Institute for War and Peace Reporting | Giving Voice, Driving Change
Comment: Why Did Del Ponte Lose Rwanda Post?
Was Carla Del Ponte dumped as the Rwanda tribunal chief prosecutor because she was about to indict the country's president?
Del Ponte certainly thinks so, and it is hard to disagree.
The UN insists it simply wants to end the practice of having the same chief prosecutor for both Hague and Rwanda tribunals.
A few years ago, this decision would have made sense. After all, Del Ponte spends barely one week in four in Africa. That is no way to run a war crimes operation. It is much better for each court to have its own full-time chief prosecutor.
But the decision to do it now is highly suspicious.
It comes amid rumours she was investigating the current Rwandan regime for war crimes - and many think the UN has decided it wants to protect the guilty men.
Del Ponte told Italian newspaper La Republica that last year she had a blazing row with Rwanda's president Paul Kagame.

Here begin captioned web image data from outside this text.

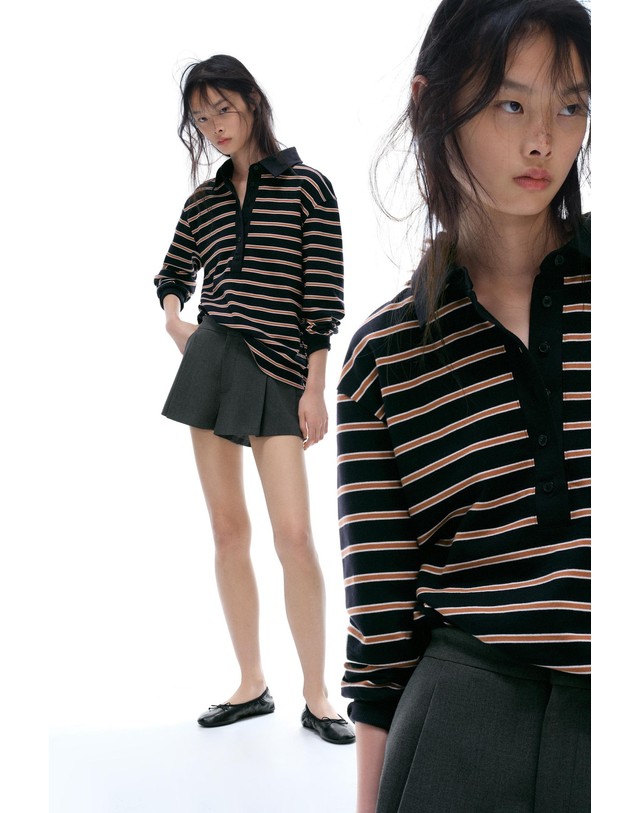 자라 자라 스트라이프 긴팔 폴로 셔츠 4174/670/049 BROWN-BLUE 멀티컬러 착용컷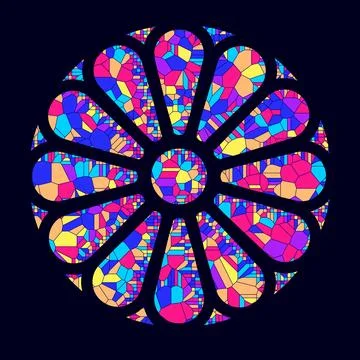 Stained glass rosette vector illustration イラスト素材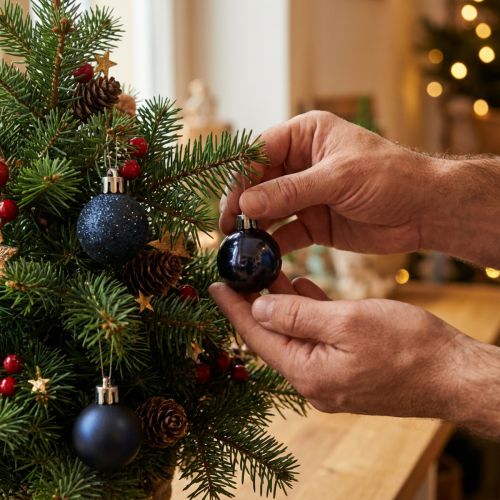 Mini Christmas baubles, blue, shatterproof mix, Ø3cm, 14 pieces | Floristik24.ie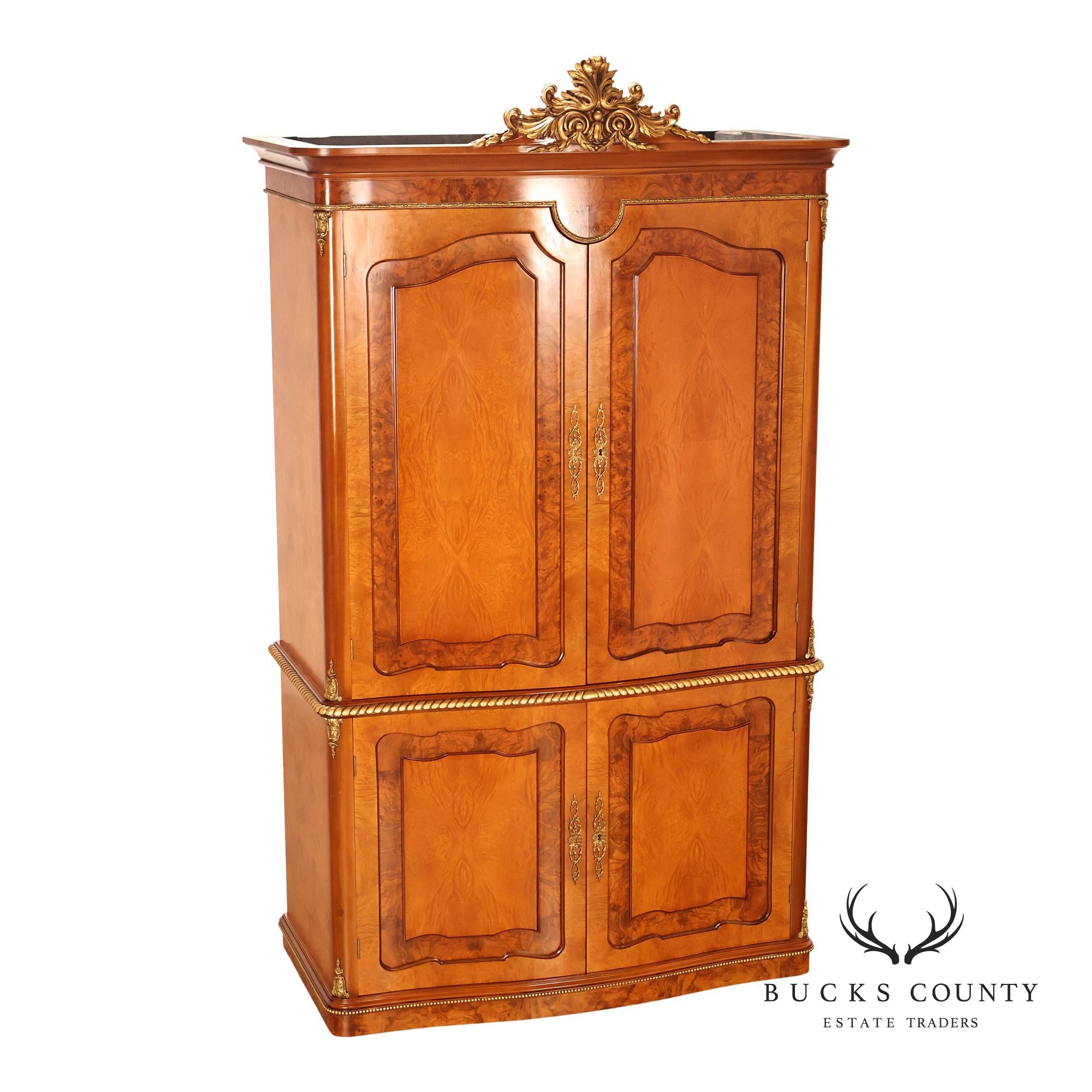 French Louis XV Style Burl Walnut Linen Closet Armoire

He told her to stop investigating his Tutsi regime, which took power in 1994 after the Hutus had massacred hundreds of thousands of Tutsis.
Kagame proposed a different solution: why not let his own government investigate itself for war crimes, instead of the UN tribunal? She refused. And that may have cost her her job.

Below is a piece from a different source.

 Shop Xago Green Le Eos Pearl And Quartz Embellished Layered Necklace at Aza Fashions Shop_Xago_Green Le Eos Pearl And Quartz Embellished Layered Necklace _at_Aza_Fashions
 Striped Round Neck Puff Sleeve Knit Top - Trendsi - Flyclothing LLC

"Probably, if I had given in - if I had accepted his orders - I would still be here," Del Ponte was quoted as saying.
Instead, the UN moved this month to push her out of Rwanda.

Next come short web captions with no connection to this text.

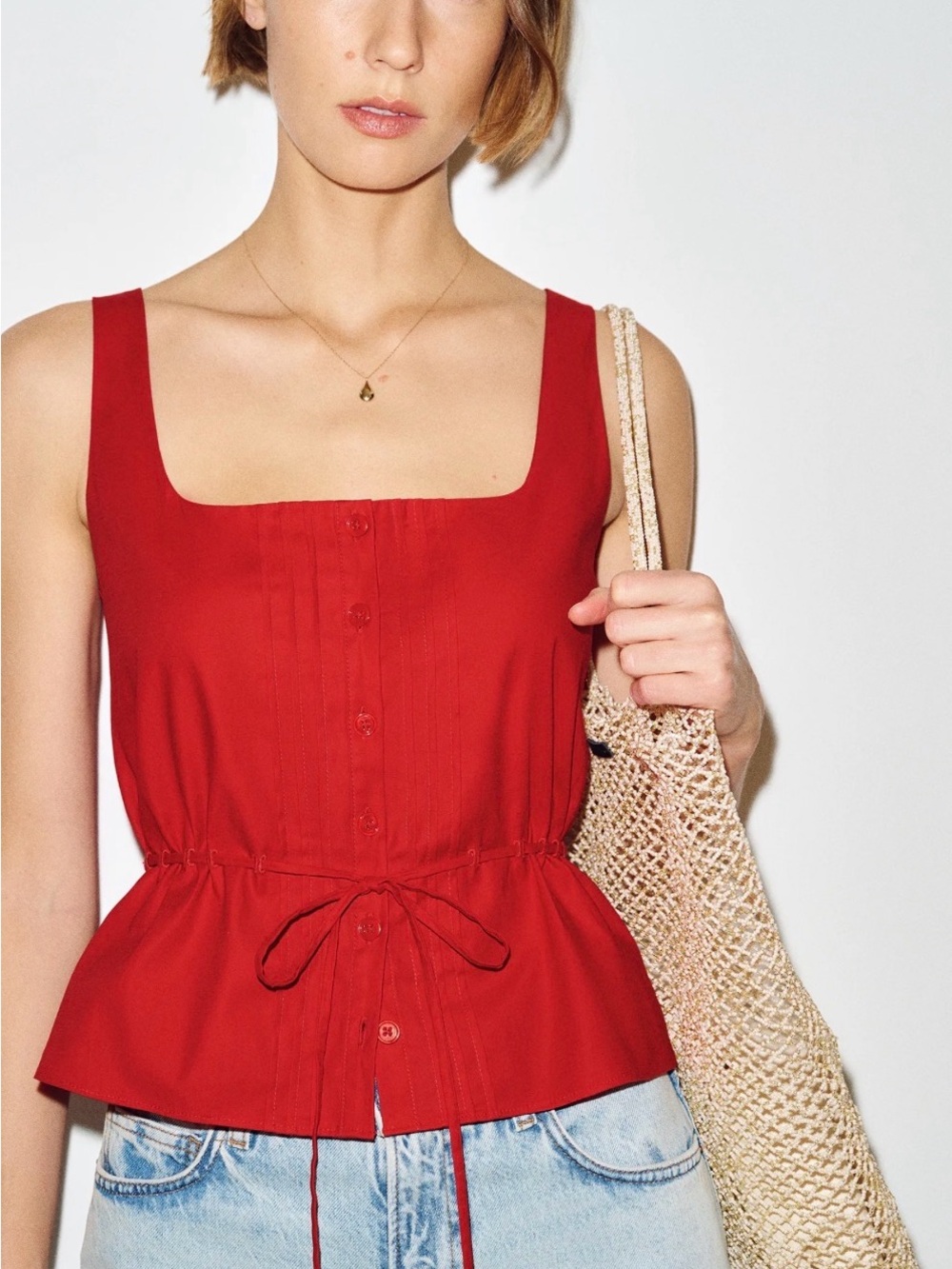 Elowen Reformation top. Red Square-Neck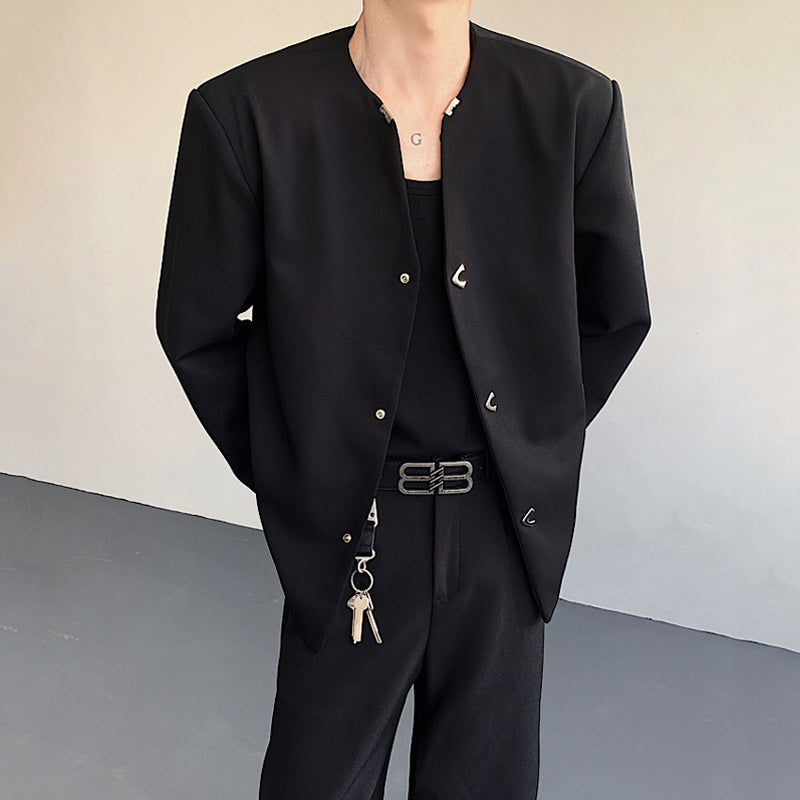 Metal Button V-neck Short Suit Jacket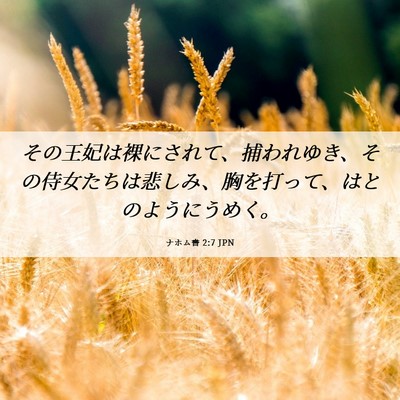 Picture 06 - ナホム書 2:7 JPN - その王妃は裸にされて、捕われゆき - Bible Verse Picture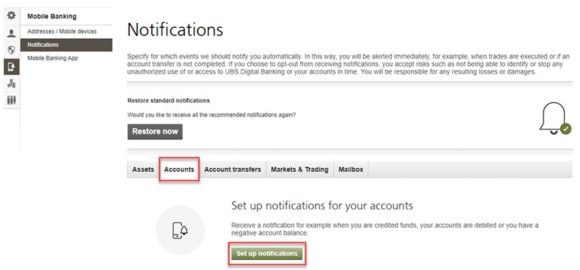 Notification on Ebanking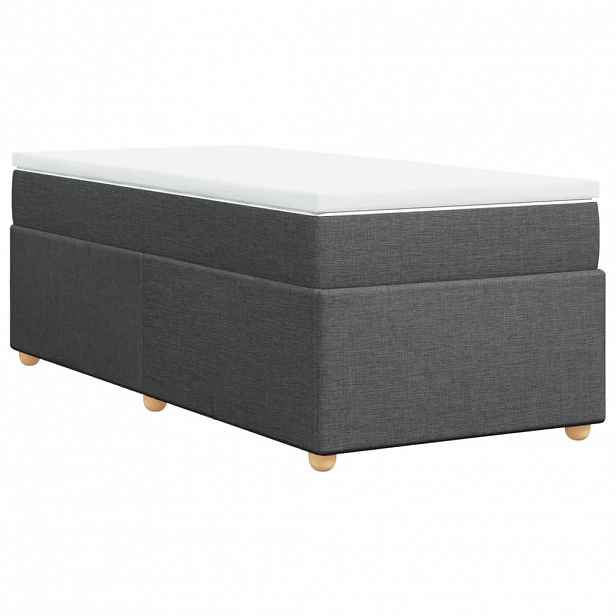vidaXL Box spring postel s matrací tmavě šedá 90x190 cm textil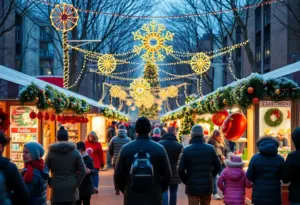 Scene of holiday festivities in Baltimore with decorations and people enjoying the activities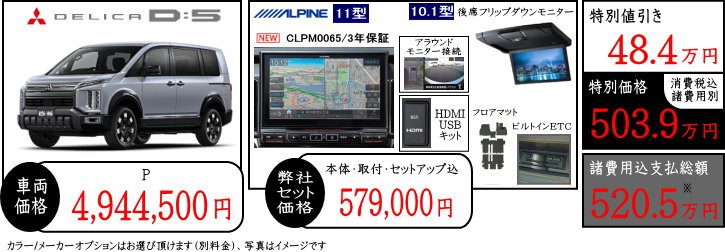 新型デリカD5　P　値引きプラン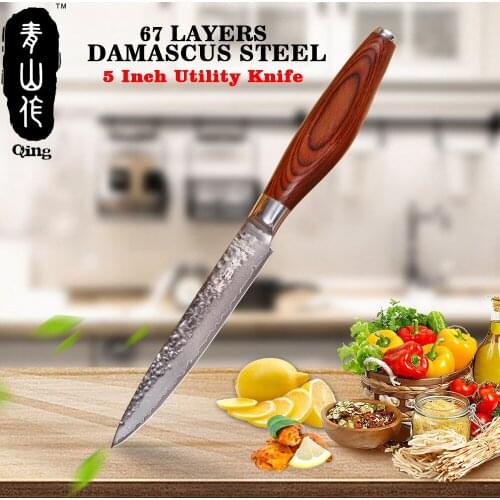 QING 67-Layer VG10 5'' INCH Damascus Knife Cooking Tool Hammer Veins Surface Kitchen Knife Japanese Sushi Sashi Japanese Style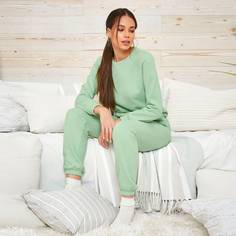 Однотонный свитшот и спортивные брюки с карманом Shein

The new Rwanda prosecutor will have a hard job: the war crimes prosecutors for both Hague and Rwanda are supposed to stop issuing new indictments at the end of next year. That does not give the new prosecutor long to learn the ropes.
What happens next is the key. If the new prosecutor simply takes up where Del Ponte left off, and indicts war criminals on both sides, then justice will have been done.
But if the new prosecutor is less bold than Del Ponte, the UN will have questions to answer.
Chris Stephen is IWPR project manager.